[DATA PROVIDED]
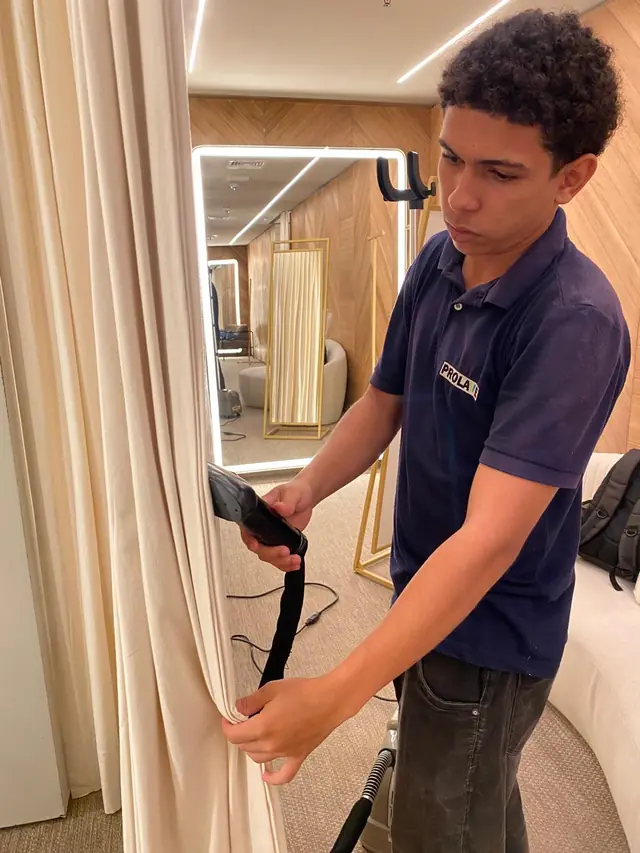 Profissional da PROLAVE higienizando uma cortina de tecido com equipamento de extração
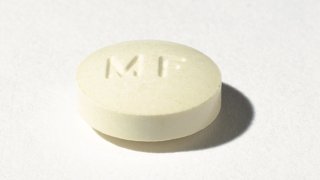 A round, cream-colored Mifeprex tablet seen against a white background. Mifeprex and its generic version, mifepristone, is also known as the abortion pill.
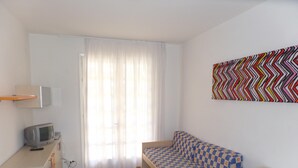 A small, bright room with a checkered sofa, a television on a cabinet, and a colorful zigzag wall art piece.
[/DATA PROVIDED]
[DATA PROVIDED]
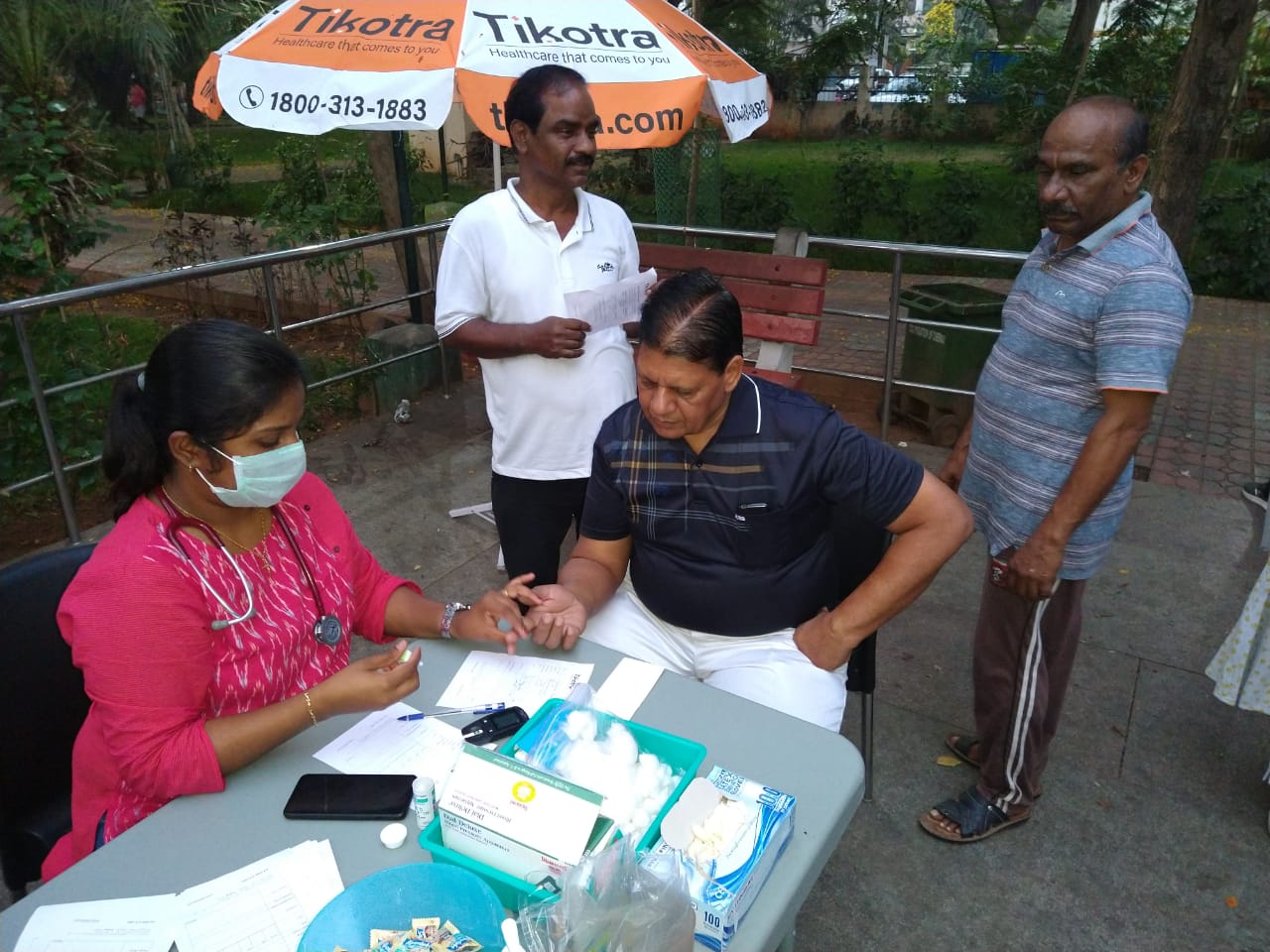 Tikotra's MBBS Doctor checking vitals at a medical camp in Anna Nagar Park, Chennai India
[/DATA PROVIDED]
▶ [BRIEF] Reproduce the listing above exactly from the line containing "Profissional da PROLAVE" up to and including the line containing "A small, bright", omitting any images and everything outside those lines.

▶ [SOLVED PROBLEM]
 Profissional da PROLAVE higienizando uma cortina de tecido com equipamento de extração
 A round, cream-colored Mifeprex tablet seen against a white background. Mifeprex and its generic version, mifepristone, is also known as the abortion pill.
 A small, bright room with a checkered sofa, a television on a cabinet, and a colorful zigzag wall art piece.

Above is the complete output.